It’s the old gift. Not exactly ju-ju, but his will do.
He can see where he’s going before he gets there.
It’s the Flores, the Flowers, the bane of the world
inside, down by the gullet, down by the craw, down
in the gut and out both ends when you overflow . . .
He looks for one of his mother’s friends. Goes down
to Tchoupitoulas on the wharf. Place is grown up
and dicty, even topheavy tourists strolling there all
happy like, but he’s not here for any other reason
than to ask the bartender Rocky, who used to know
mama’s place so well he could bring women there
and mama didn’t care, she had girls who went down
that street, a pocket full of change and what future
could be imagined now that the cops wanted theirs,
so they checked in to mama’s house, said Hello, Doll,
and Doll returned the favor, Hello and good morning
for it is early, most of us still sleeping from the night
before, won’t you sit a spell and I’ll serve you chicory
and beignette. Now what can I do for you, sweet thing?
and the story inevitably was I need a job, I’m a good
whore. Doll disliked the word and was quick to say so.
Juan lay on his back on the bed in Hotel HOTEL.

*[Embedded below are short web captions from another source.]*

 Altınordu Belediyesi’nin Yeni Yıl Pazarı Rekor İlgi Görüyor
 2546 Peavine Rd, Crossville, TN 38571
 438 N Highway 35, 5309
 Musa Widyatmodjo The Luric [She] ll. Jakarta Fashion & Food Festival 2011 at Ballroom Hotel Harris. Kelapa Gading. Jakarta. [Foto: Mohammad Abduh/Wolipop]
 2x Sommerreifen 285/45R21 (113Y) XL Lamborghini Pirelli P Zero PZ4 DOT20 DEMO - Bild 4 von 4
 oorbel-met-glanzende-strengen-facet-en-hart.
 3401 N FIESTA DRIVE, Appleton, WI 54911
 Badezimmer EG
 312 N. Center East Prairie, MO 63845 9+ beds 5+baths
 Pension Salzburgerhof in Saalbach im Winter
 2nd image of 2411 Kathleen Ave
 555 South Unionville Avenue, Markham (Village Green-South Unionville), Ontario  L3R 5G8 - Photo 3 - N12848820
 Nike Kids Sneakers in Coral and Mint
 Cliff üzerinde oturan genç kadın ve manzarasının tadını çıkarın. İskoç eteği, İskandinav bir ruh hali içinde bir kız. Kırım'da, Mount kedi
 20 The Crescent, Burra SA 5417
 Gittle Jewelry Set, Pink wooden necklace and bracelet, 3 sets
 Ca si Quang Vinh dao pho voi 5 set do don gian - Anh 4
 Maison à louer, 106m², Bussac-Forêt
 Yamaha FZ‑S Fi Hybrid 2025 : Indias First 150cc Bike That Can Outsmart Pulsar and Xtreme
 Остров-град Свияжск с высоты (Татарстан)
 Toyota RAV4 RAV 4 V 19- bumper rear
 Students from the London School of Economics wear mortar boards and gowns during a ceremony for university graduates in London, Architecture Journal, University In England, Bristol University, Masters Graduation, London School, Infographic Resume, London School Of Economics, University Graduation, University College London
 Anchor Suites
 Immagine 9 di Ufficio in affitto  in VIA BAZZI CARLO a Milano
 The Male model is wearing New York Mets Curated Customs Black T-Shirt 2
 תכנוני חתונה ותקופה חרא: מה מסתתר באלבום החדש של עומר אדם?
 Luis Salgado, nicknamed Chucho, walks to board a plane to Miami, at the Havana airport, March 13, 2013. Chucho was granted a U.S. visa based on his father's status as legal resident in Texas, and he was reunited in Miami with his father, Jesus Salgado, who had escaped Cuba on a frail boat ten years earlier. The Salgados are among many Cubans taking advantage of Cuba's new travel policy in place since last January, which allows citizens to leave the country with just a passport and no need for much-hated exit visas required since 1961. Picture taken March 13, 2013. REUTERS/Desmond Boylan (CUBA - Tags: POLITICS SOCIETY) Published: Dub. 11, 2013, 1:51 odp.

He could see why he was here, he was here to make
amends for not seeing her through to her very end . . .
He even knew who would be here to tell him stories.
This was his book, he dreamed, his double decker
novel about a woman mothered children without
a father, at rest in the Punch Bowl in old Honolulu,
before she changed her name from Nell to Doll
to go into business in New Orleans, too late to pay
like it did in the old days. I like it better than Hawaii
and its trade winds, she says, summer here’s still best
because it’s hot . . . who’s talking now? some new girl
or mama Doll? There was no stopping–you dreamed,
you didn’t ask questions, not if there were no answers.